There are some notable-but-deliberate omissions. A week ago, I’d have put White House counselor Dan Bartlett on the list, but the timing of his announced departure on June 2 strikes me as ever-so-slightly disloyal, because it invited the Washington Post to insinuate (falsely, I suspect) that Bartlett’s exit was linked to Bush’s “sagging public approval ratings.” Hey Dan, couldn’t you wait until things were going a little better for the chief? What’s that you say? Oh. You’ve been waiting six months already. Point taken.

I leave the Bush twins off the list because their relationship with their father is something I know zero about, which is just the way Bush wants it. I leave the president’s father, former President George H.W. Bush, off the list because too many rumors have accumulated alleging that Poppy thinks Dubya screwed the pooch in Iraq. (Why does he even stay friends with that Scowcroft guy?) Michael Gerson, Bush’s former speechwriter, is now a columnist for the Washington Post, a position that sooner or later will occasion criticism of his former patron. The same will hold for White House spokesman Tony Snow when he returns to journalism; he knocked Bush before he was his press guy, and he’ll knock him again when he’s done. I leave Vice President Dick Cheney off the list because right about now I imagine he’s having one hell of a shouting match with President Bush demanding a pardon for Libby (Cheney’s former chief of staff) that Bush doesn’t feel ready to give. Probably my most controversial omission is Condoleezza Rice, whose lifelong good-daughter tendencies have persuaded the secretary of state never to tell her president/work husband when he’s full of it. But is ass-kissing the same thing as loyalty? Cordelia didn’t think so in King Lear, and neither do I. Condi has shed daddies before when they’ve outlived their usefulness.

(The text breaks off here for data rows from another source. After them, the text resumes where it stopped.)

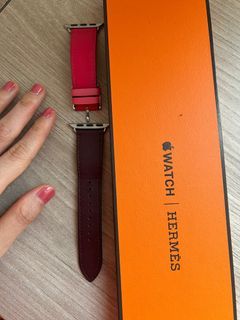 Apple Hermes 44mm Orange Sport Band, Luxury, Watches on Carousell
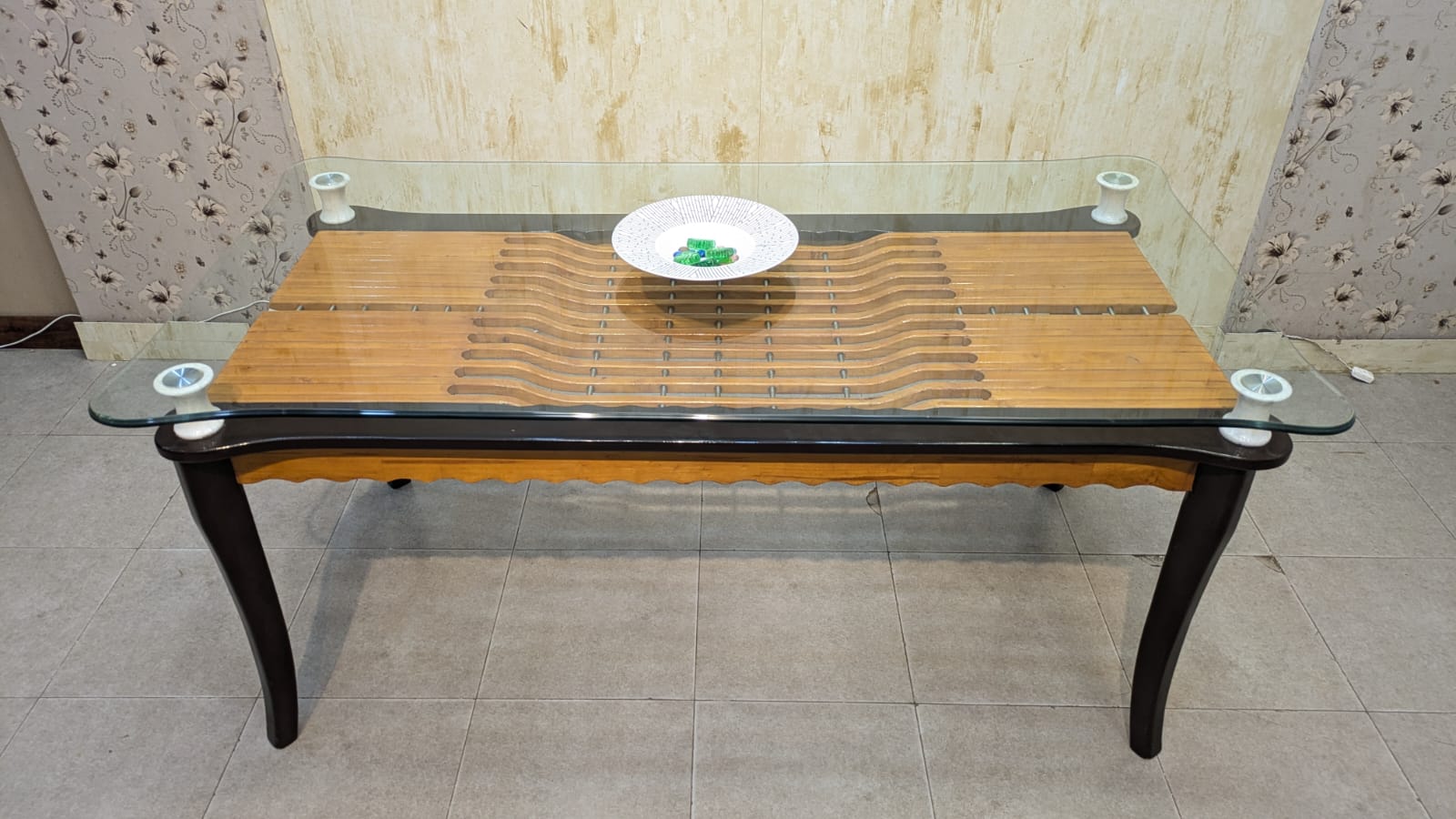 Dinning table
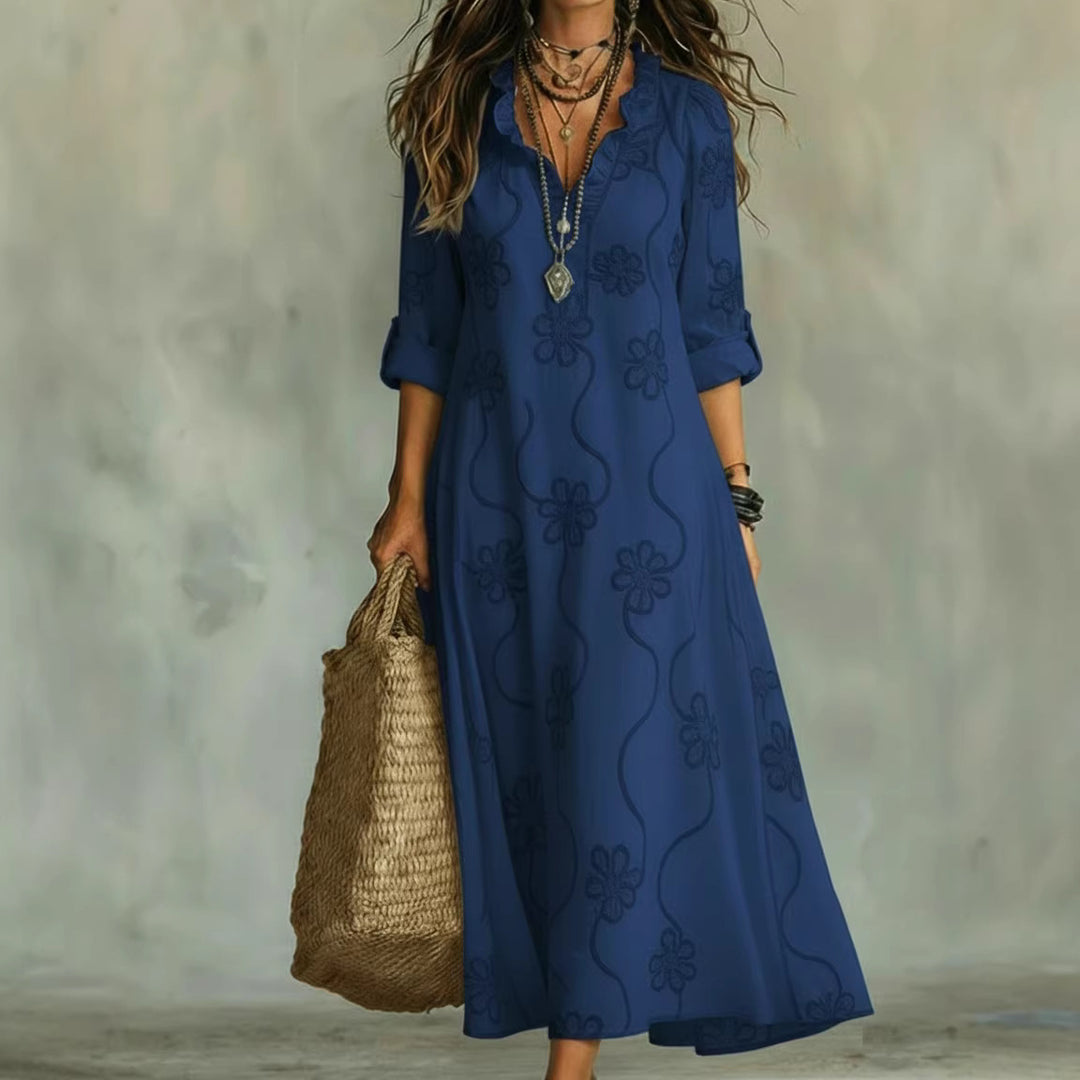 Vylara | Effortless Lace Dress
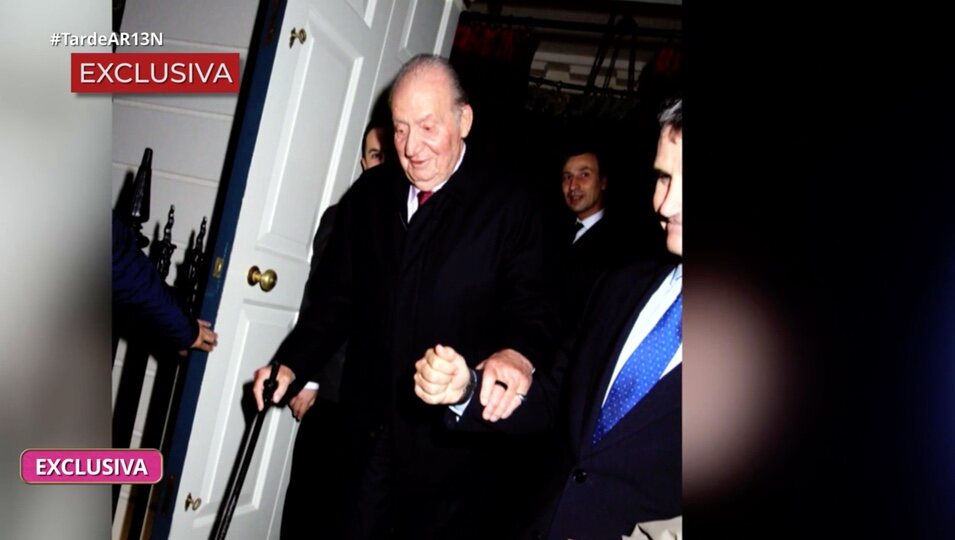El Rey Juan Carlos saliendo del restaurante | Telecinco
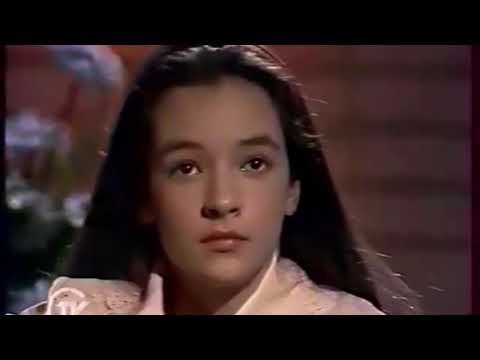 Видео: Романс 19-го века в исполнении юной Ольги Павловец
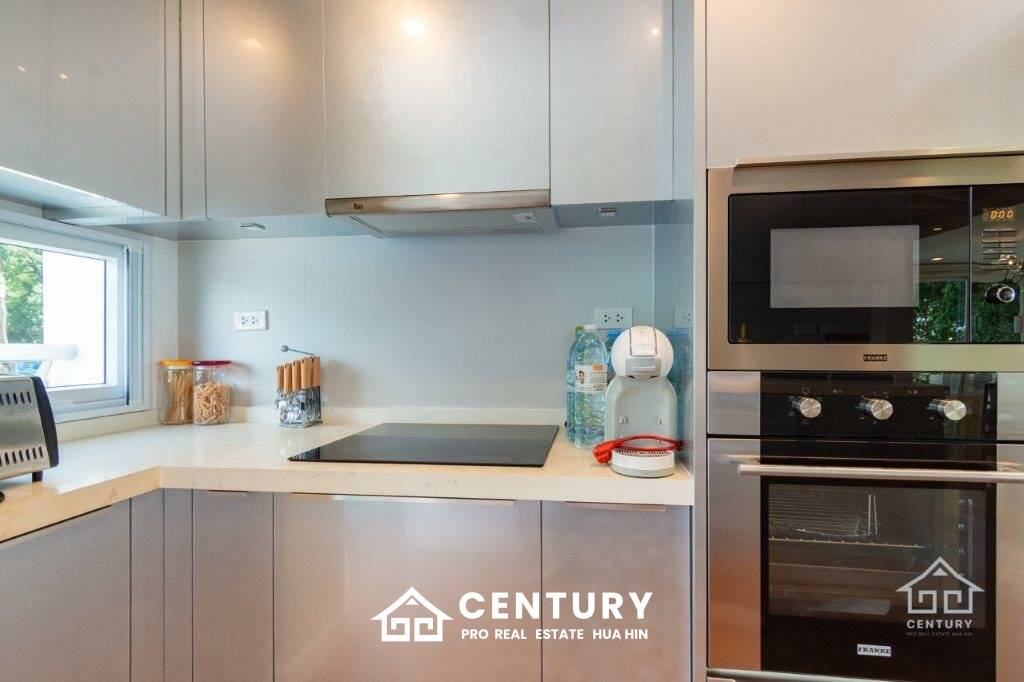 Beautiful Sea views 4 bed beach front condo on Luxury complex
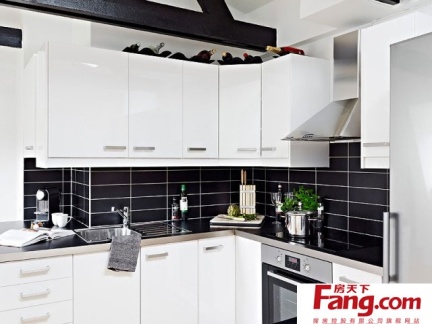 厨房黑色瓷砖白色橱柜装修效果图欣赏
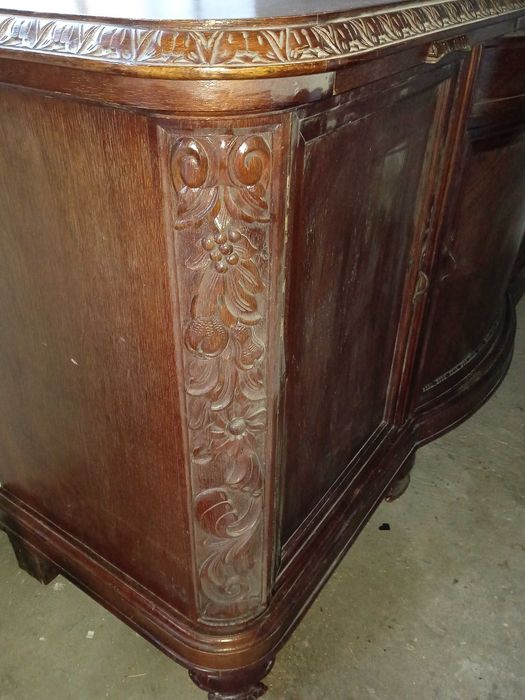 Stary kredens antyk zabytek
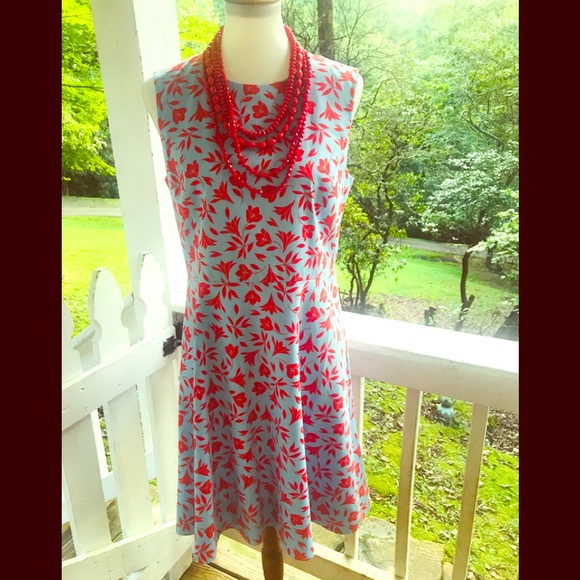 Draper James Dresses & Skirts - Draper James Sky Blue Floral Dress 10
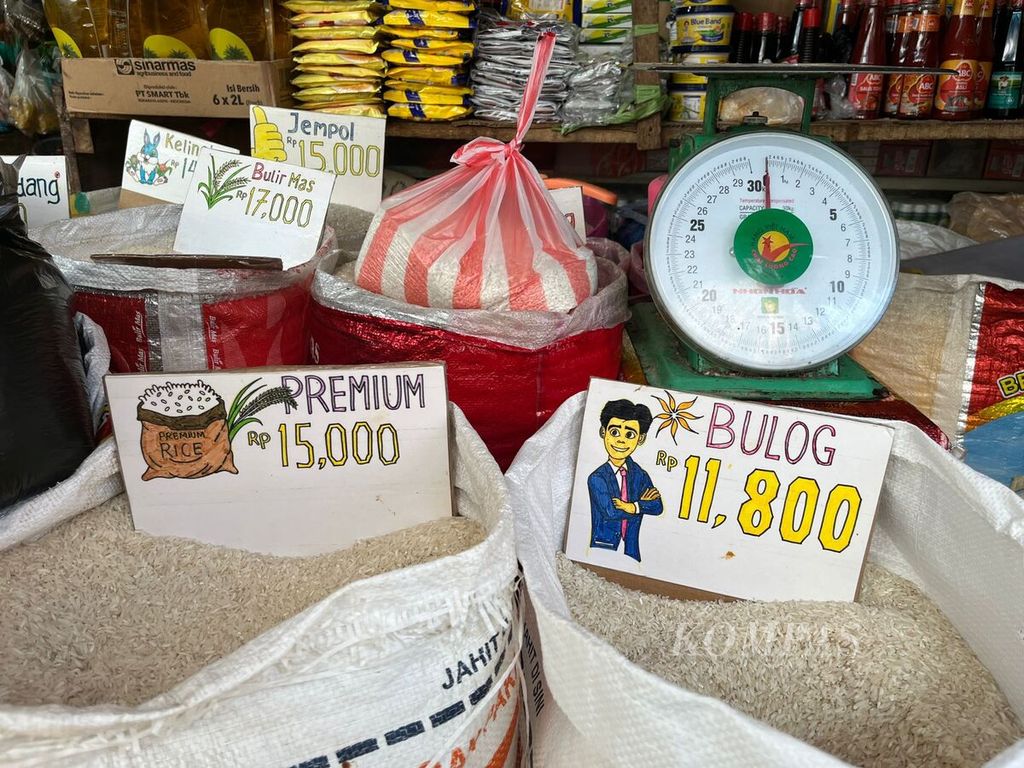 Deretan harga beras di salah satu toko beras di Pasar Mardika, Ambon, Maluku, Selasa (20/2/2024).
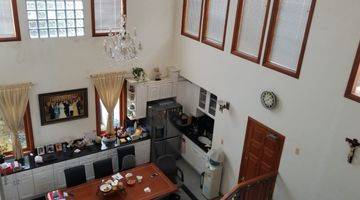 Gambar 4 Dijual Rumah 2 Lantai Terawat Dengan High Ceiling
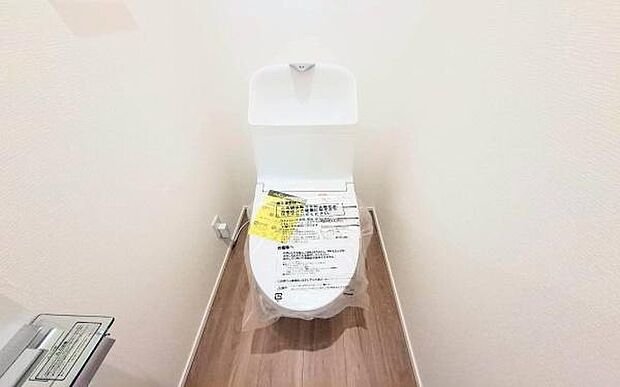 《トイレ》　■清潔感のある落ち着いたトイレ。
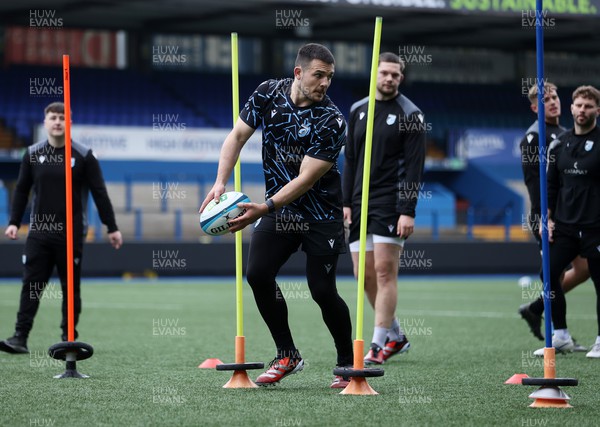 080424 - Cardiff Rugby Training - Ellis Jenkins
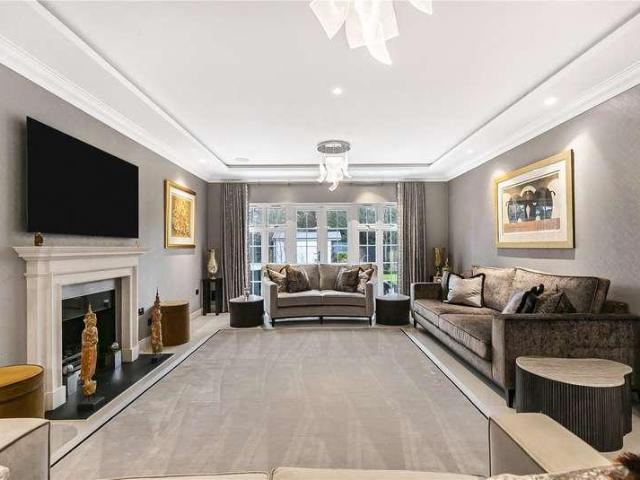 6 bed house for sale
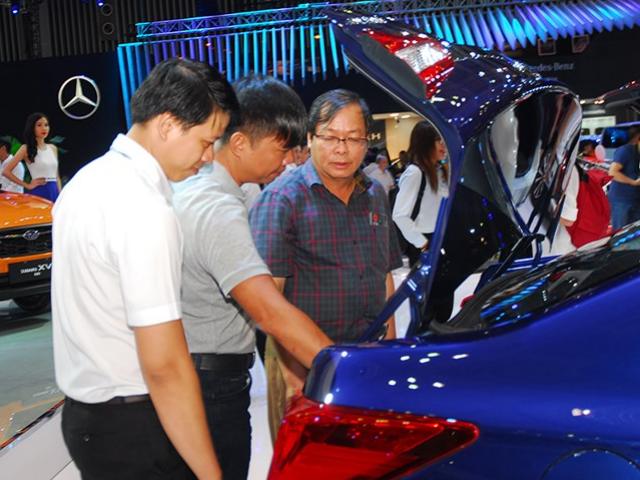 Thị trường - Tiêu dùng - Giá ô tô nhảy múa cùng đồng đôla Mỹ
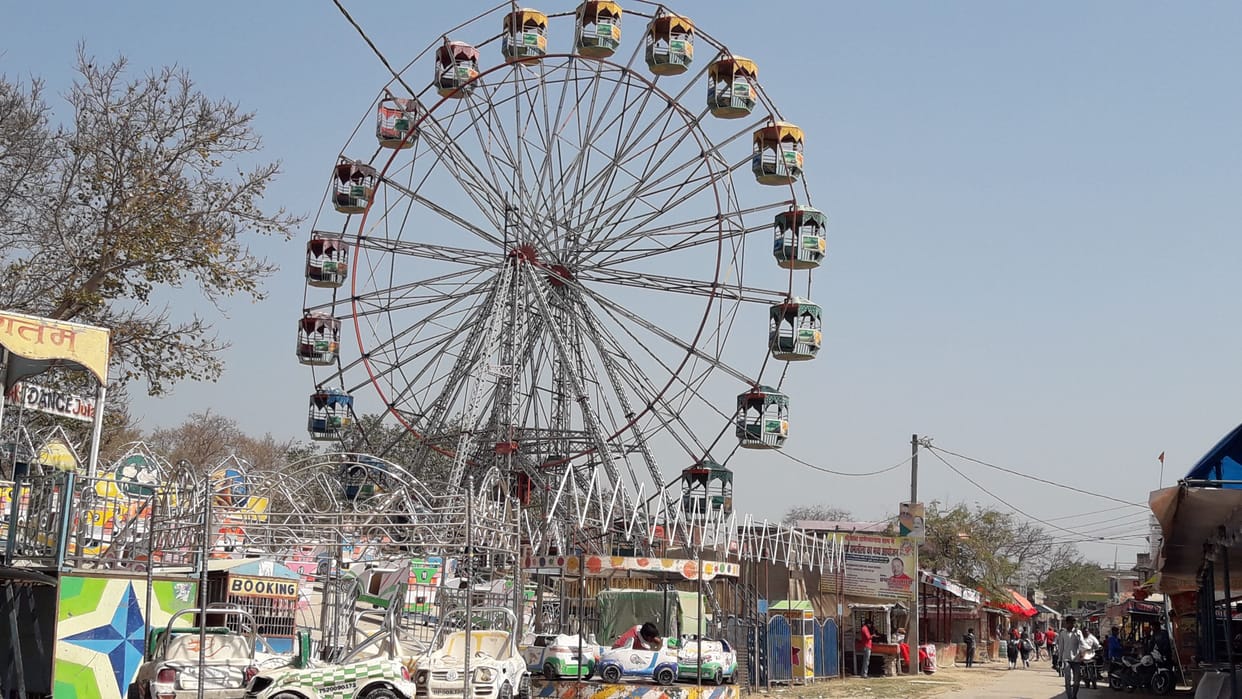 Shops started decorating in Tameshwarnath Dham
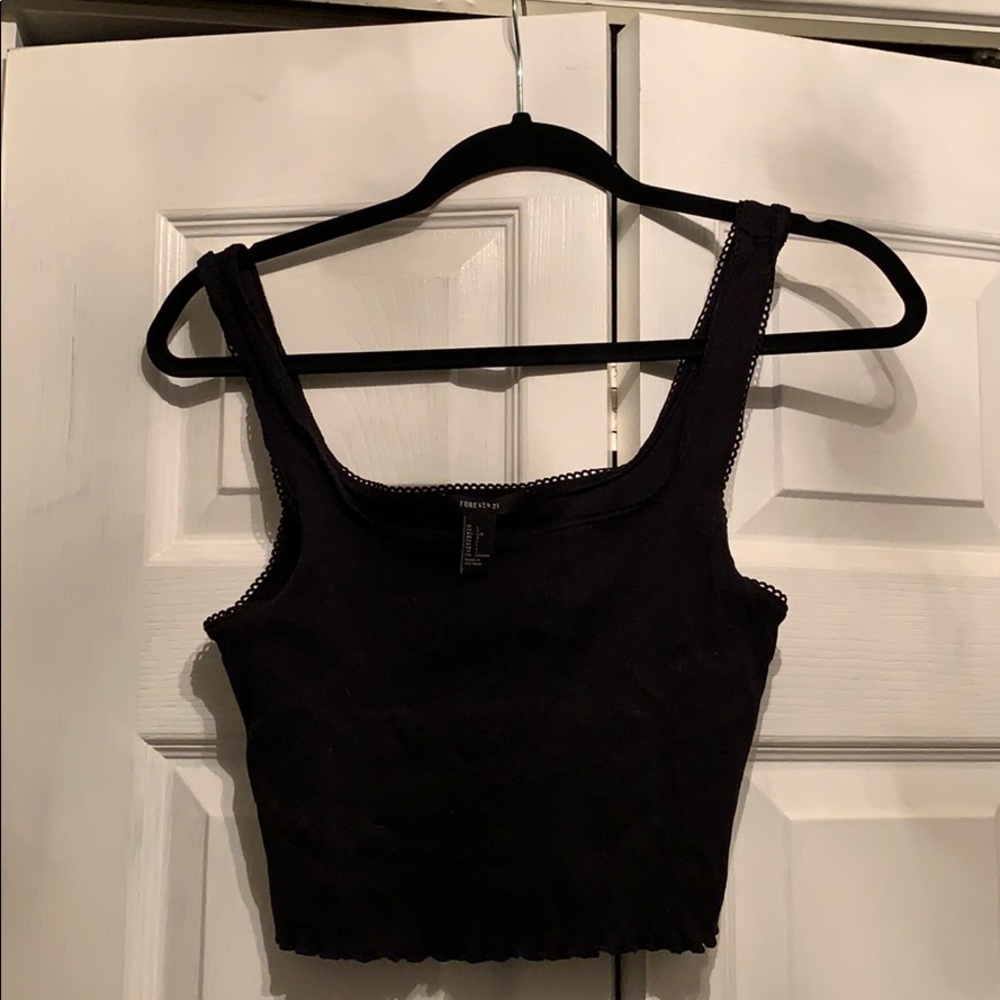 NEVER WORN adorable crop top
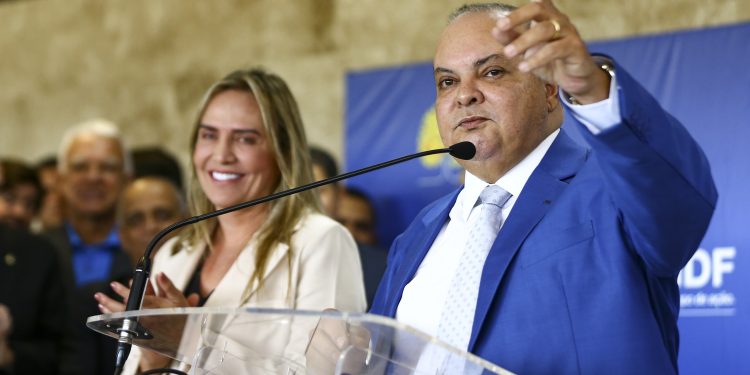 Voto nos estados: com tensão entre aliados e oposição mirando escândalo, Master estará no centro da disputa no DF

Just ask her onetime mentor, Brent Scowcroft. Apparently it wasn’t the first time  (subscription required).

So much for who won’t stay loyal. Among those who will, who will be the most devoted, the most fervent, the most steadfast? Who will be George W. Bush’s Rabbi Baruch Korff? Alberto Gonzales and Karl Rove many years ago hitched their wagons to Bush, and Bush in turn stood by them when it would have been far more prudent to cut them loose. Don Evans has drunk the Kool-Aid, and Harriet Miers has subjected herself to endless personal humiliation on the president’s behalf. Laura Bush plighted her troth, Barbara Bush bled in labor, and Barney slept at his feet. But the greatest love of all is the love that is most freely given. I therefore name Fred Barnes, Bush’s most enthusiastic defender in the press, the Last Bush Loyalist. If not Bush’s Rabbi Korff, he is certainly Bush’s Sidney Blumenthal. Long may he reign.